━━ Material supplied

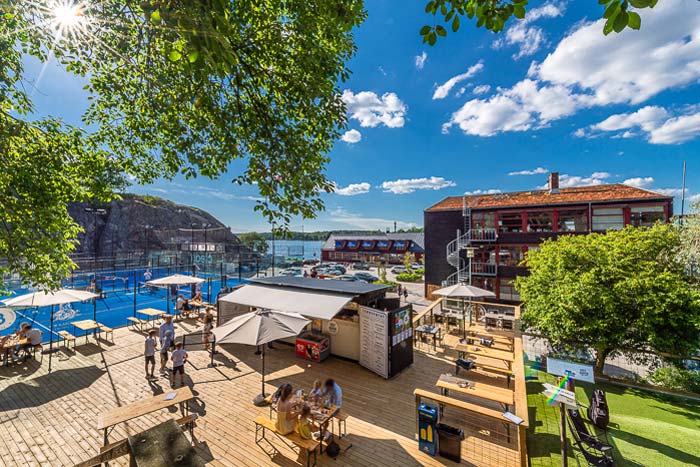 Byggnader och aktiviteter vid Kajen, Nacka Strand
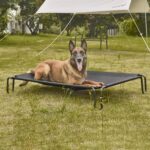 pettycare Elevated Outdoor Dog Bed - Raised Bed for Large Dogs, Waterproof Cot Easy to Assemble, Cooling Elevated Cot with Breathable Teslin Mesh, Durable, Non Slip, Up to 65 lbs,Black - Image 3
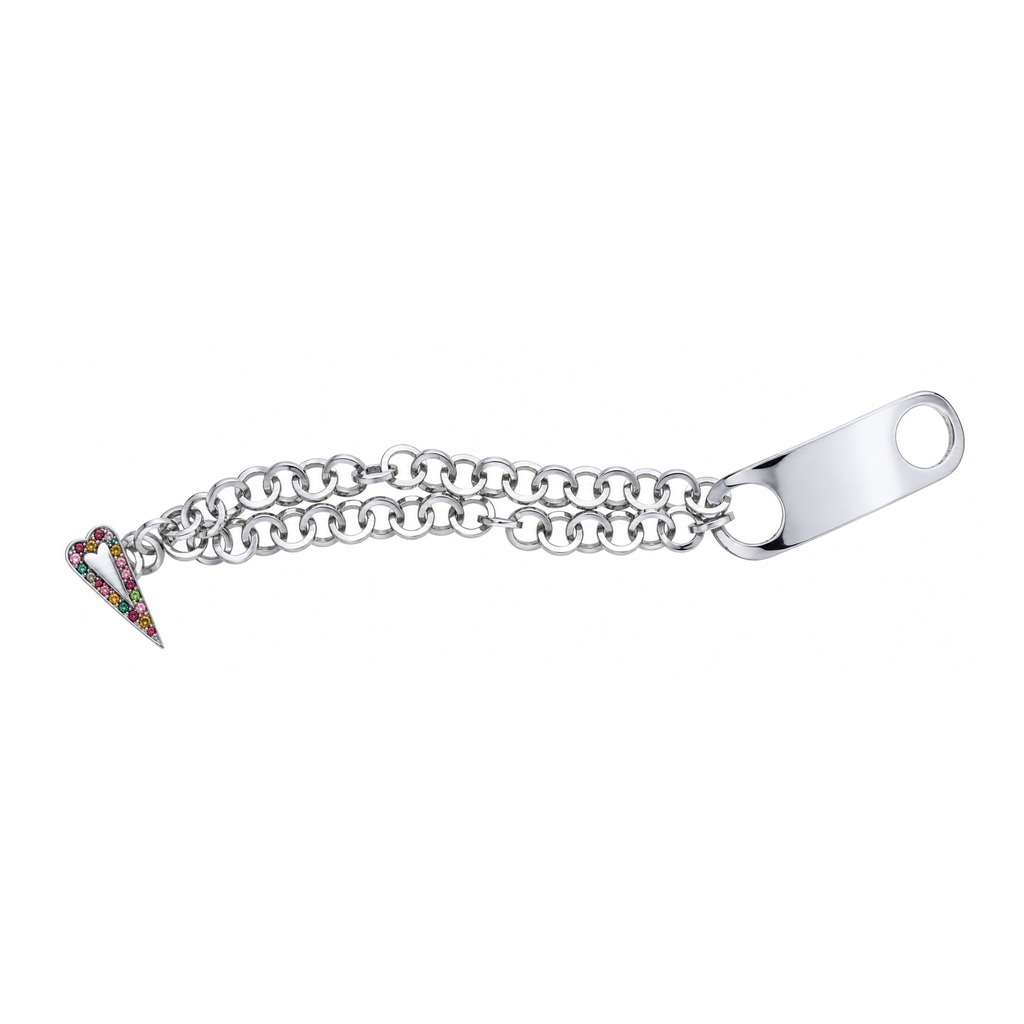Mystic Heart Bracelet Small Heart in Silver and Natural Stones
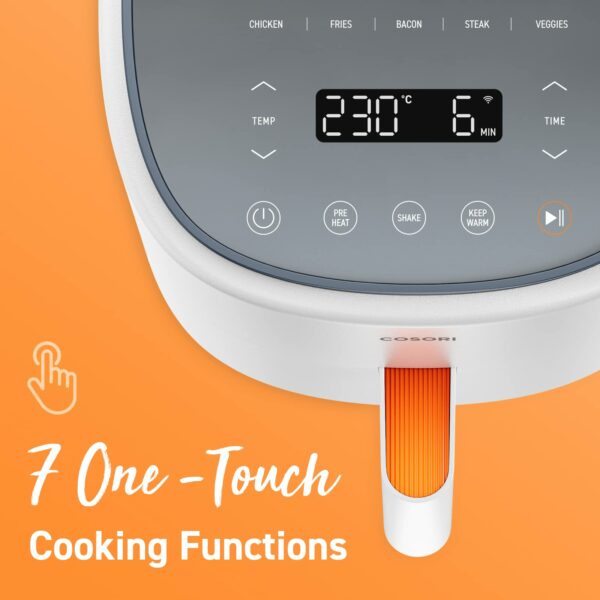 COSORI Air Fryer, 3.8L with 7 Customize Functions, Up to 230℃, 1500W, 1-3 Portions, Oven with App Control, 110+ Online Cookbook, Dishwasher Safe, White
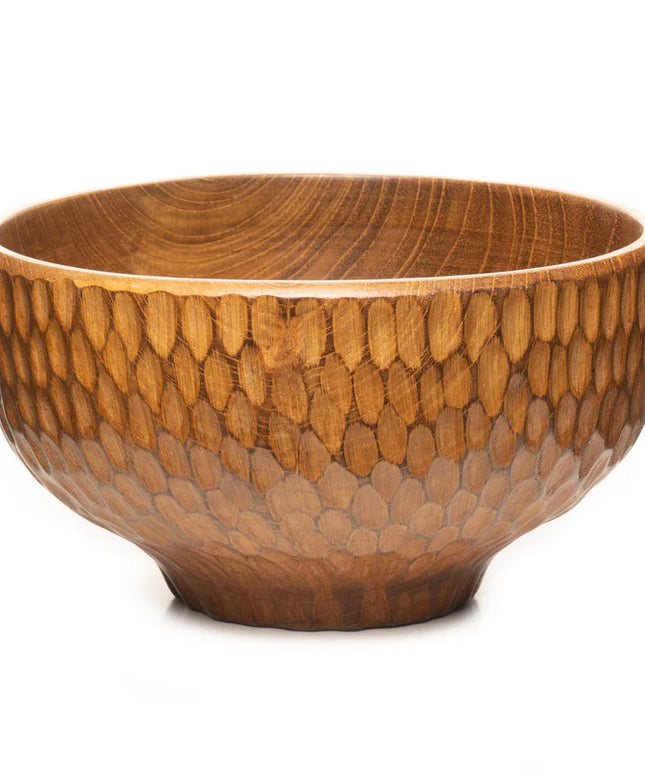 Dome Carved Shiruwan Teak Wood Soup Bowl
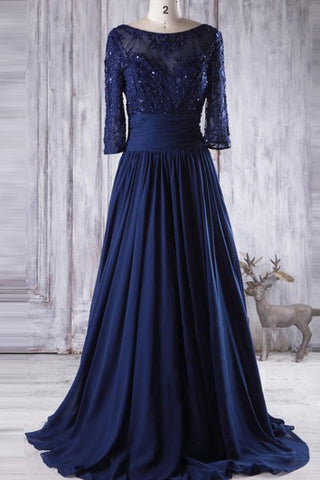 Floor-length Sweetheart Long Sleeve Chiffon&Tulle&Lace Dress With Beading&Illusion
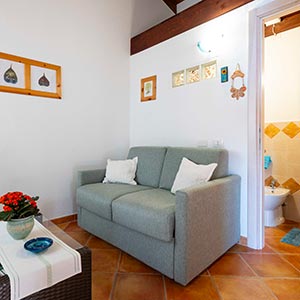 Alloggi: Appartamento Chessa, soggiorno con divano letto e bagno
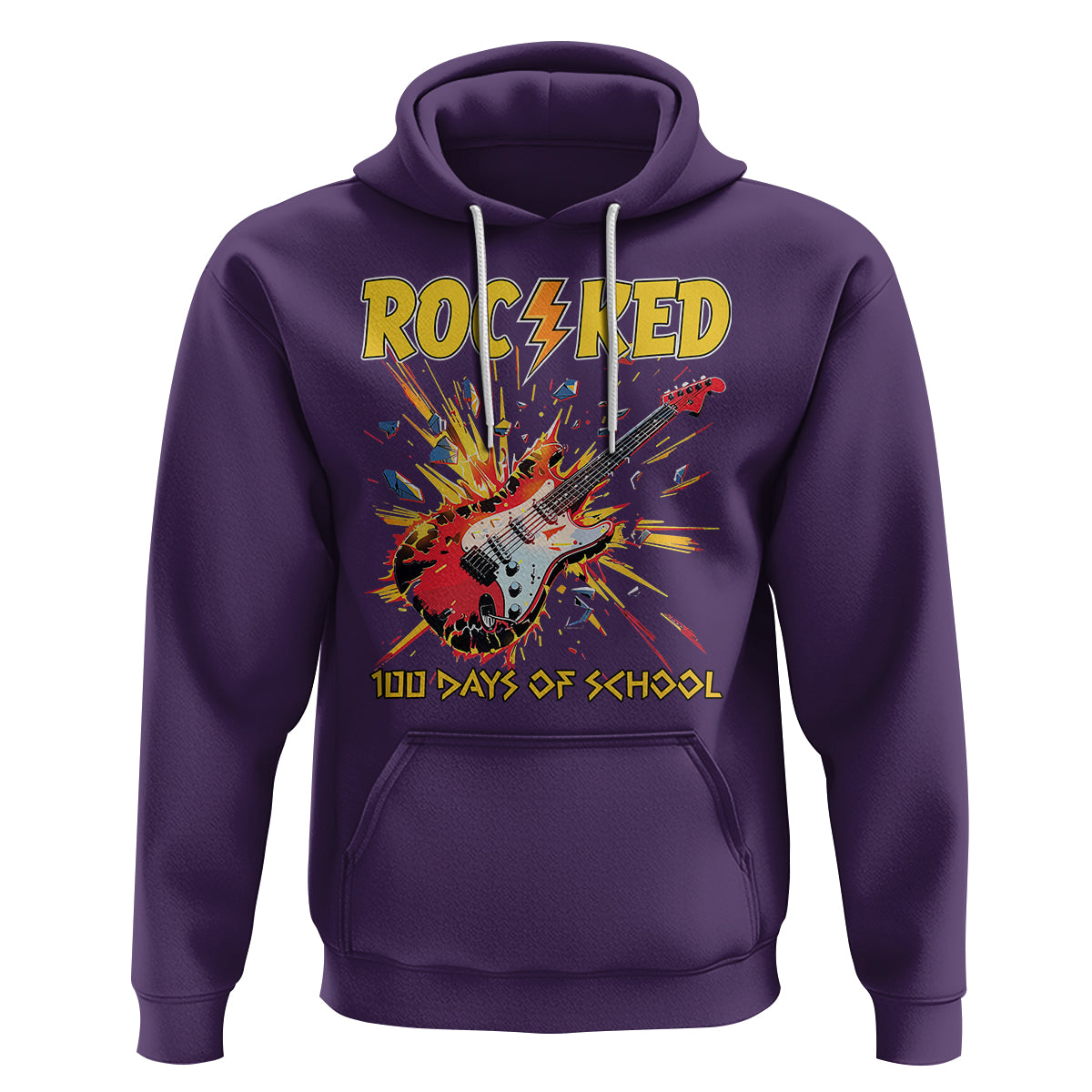 100th Day Of School Hoodie I Rocked 100 Days Funny Rock Lover Guitar - Wonder Print Shop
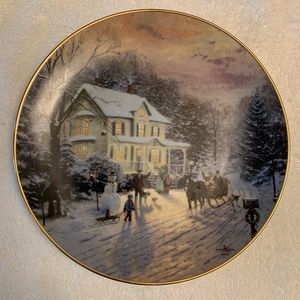 Vintage Porcelain plate, Knowles Christmas series, “Sleighride Home”.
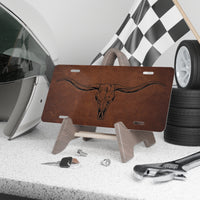 Longhorn 1 Medium Leather License Plate Cowboy Western Rancher Personalized Livestock Brand License Plate for Car or Truck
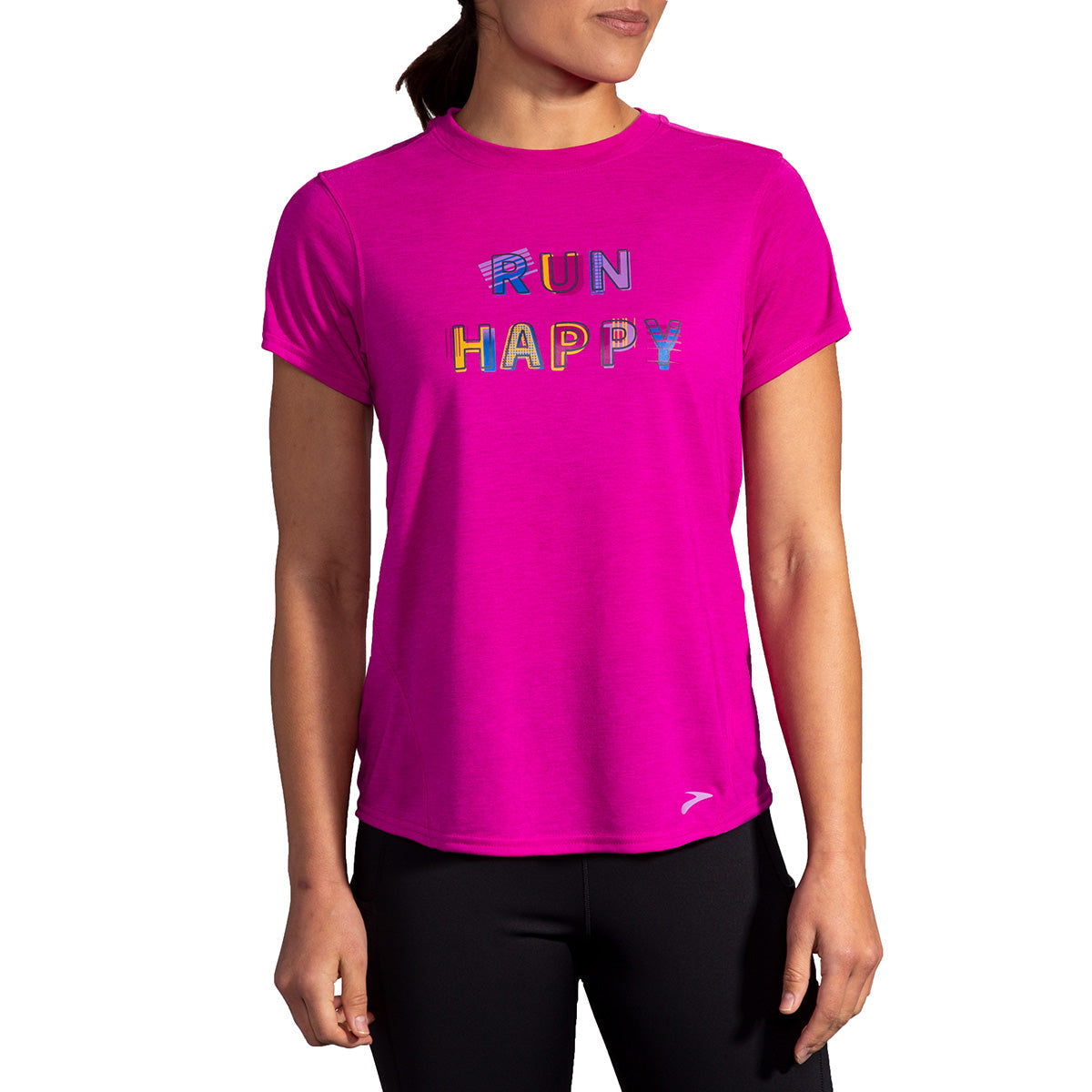 Brooks Distance Graphic Shortsleeve — Heather Ash - Run Happy — Size Small — Front View
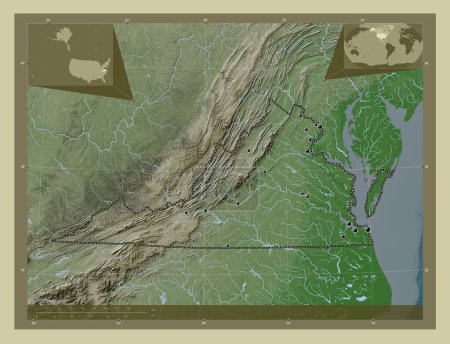 Téléchargez les photos : Virginie, État des États-Unis d'Amérique. Carte d'altitude colorée dans le style wiki avec des lacs et des rivières. Emplacements des grandes villes de la région. Corner cartes de localisation auxiliaires - en image libre de droit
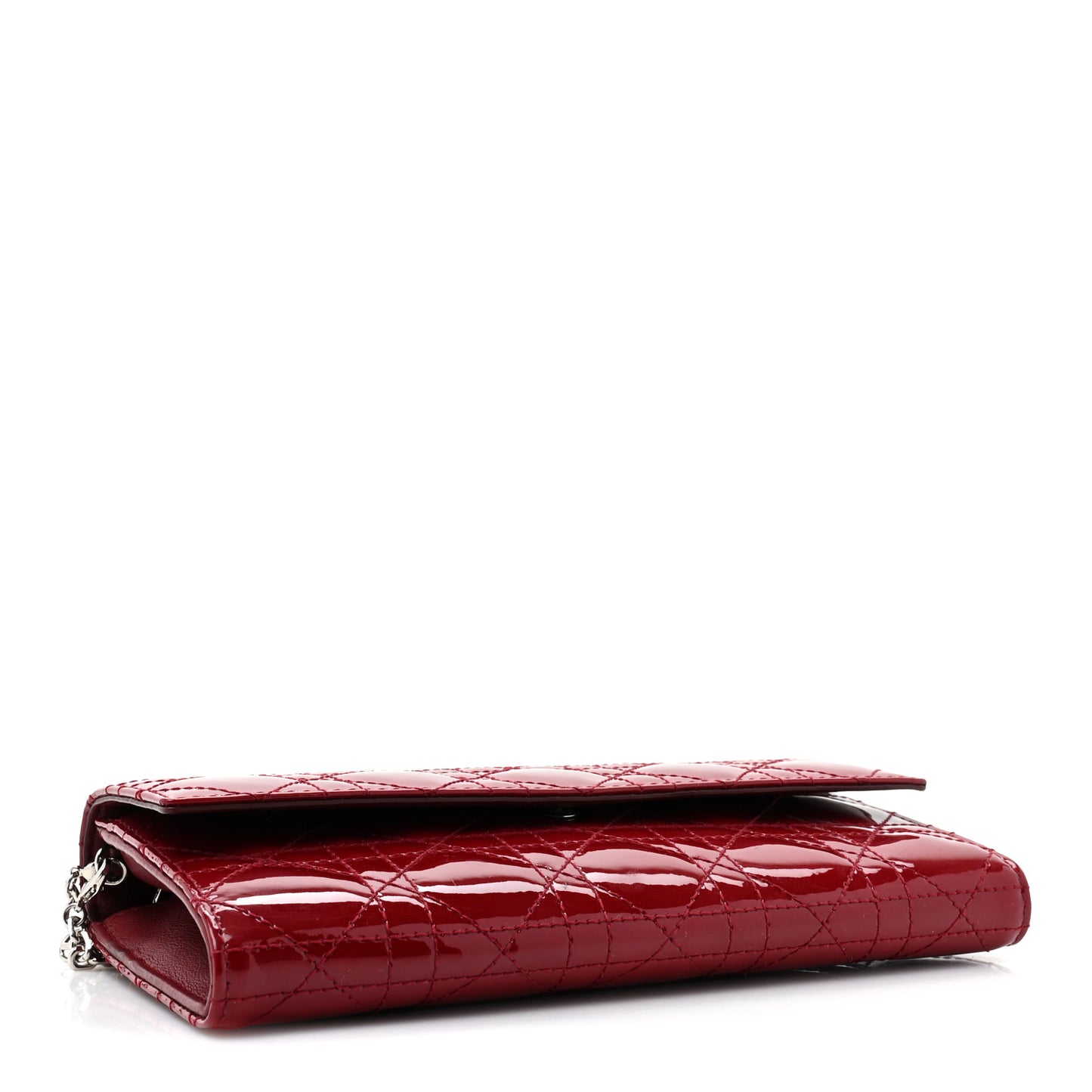 Patent Cannage Lady Dior Rendezvous Wallet On Chain Red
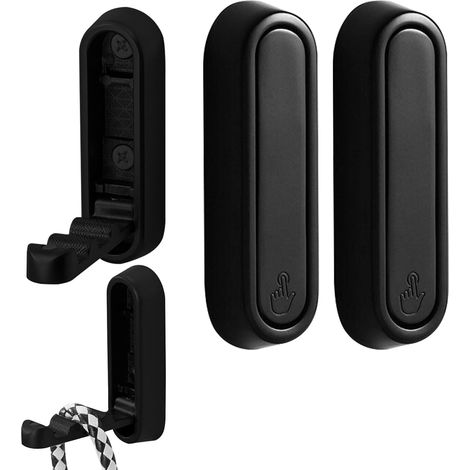 2 Crochets Muraux Pliables Noirs, Rabattables Porte Manteau Bureau Cuisine Salle Bain (1/5)
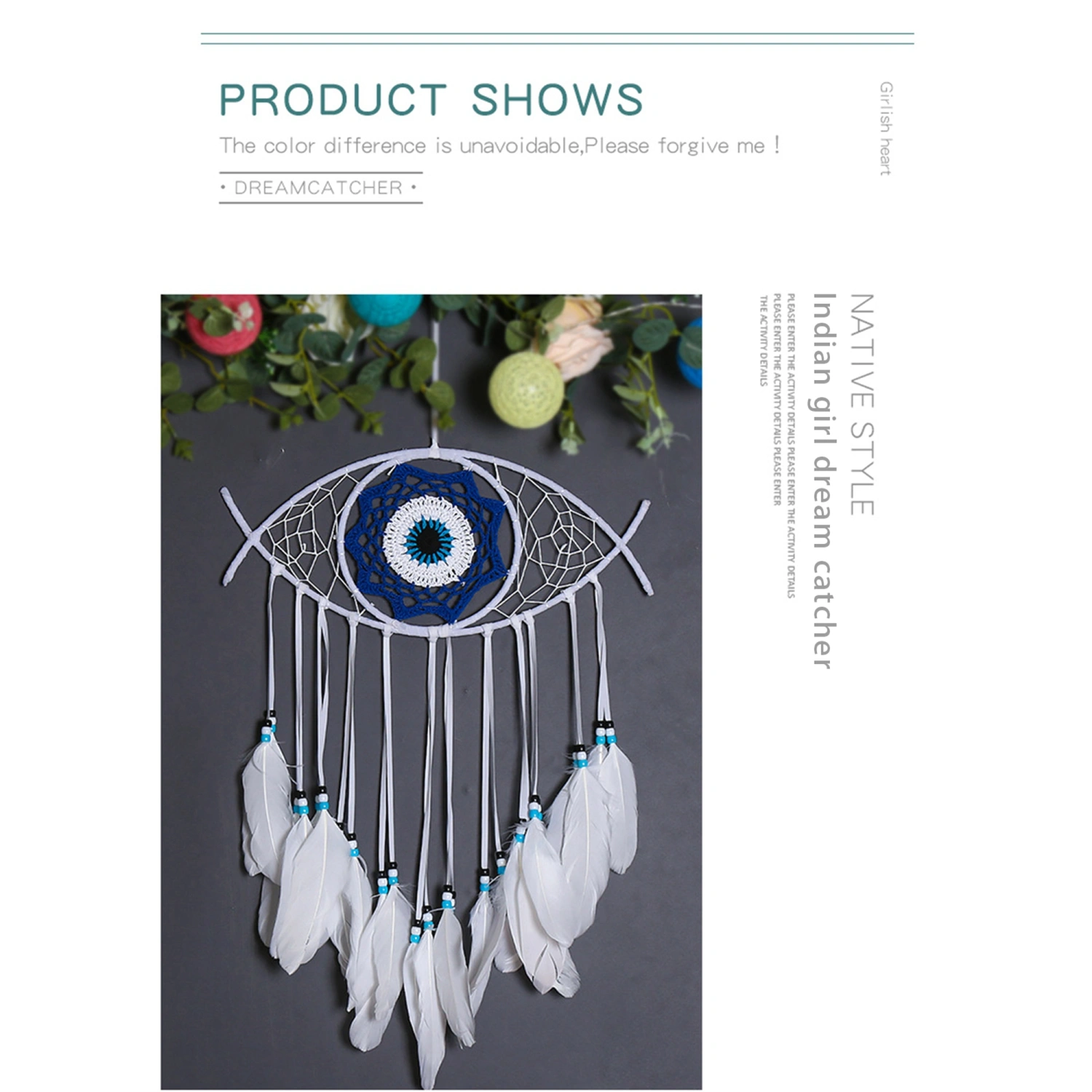 Evil Eye Dream Catchers Dreamcatcher Macrame Wall Art with Feathers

━━━━

> _What you are asked to do_
A faithful copy of every entry is needed, omitting each image.

> _Answer to the problem_
 Byggnader och aktiviteter vid Kajen, Nacka Strand
 pettycare Elevated Outdoor Dog Bed - Raised Bed for Large Dogs, Waterproof Cot Easy to Assemble, Cooling Elevated Cot with Breathable Teslin Mesh, Durable, Non Slip, Up to 65 lbs,Black - Image 3
Mystic Heart Bracelet Small Heart in Silver and Natural Stones
 COSORI Air Fryer, 3.8L with 7 Customize Functions, Up to 230℃, 1500W, 1-3 Portions, Oven with App Control, 110+ Online Cookbook, Dishwasher Safe, White
 Dome Carved Shiruwan Teak Wood Soup Bowl
 Floor-length Sweetheart Long Sleeve Chiffon&Tulle&Lace Dress With Beading&Illusion
 Alloggi: Appartamento Chessa, soggiorno con divano letto e bagno
 100th Day Of School Hoodie I Rocked 100 Days Funny Rock Lover Guitar - Wonder Print Shop
 Vintage Porcelain plate, Knowles Christmas series, “Sleighride Home”.
 Longhorn 1 Medium Leather License Plate Cowboy Western Rancher Personalized Livestock Brand License Plate for Car or Truck
 Brooks Distance Graphic Shortsleeve — Heather Ash - Run Happy — Size Small — Front View
 Téléchargez les photos : Virginie, État des États-Unis d'Amérique. Carte d'altitude colorée dans le style wiki avec des lacs et des rivières. Emplacements des grandes villes de la région. Corner cartes de localisation auxiliaires - en image libre de droit
 Patent Cannage Lady Dior Rendezvous Wallet On Chain Red
 2 Crochets Muraux Pliables Noirs, Rabattables Porte Manteau Bureau Cuisine Salle Bain (1/5)
 Evil Eye Dream Catchers Dreamcatcher Macrame Wall Art with Feathers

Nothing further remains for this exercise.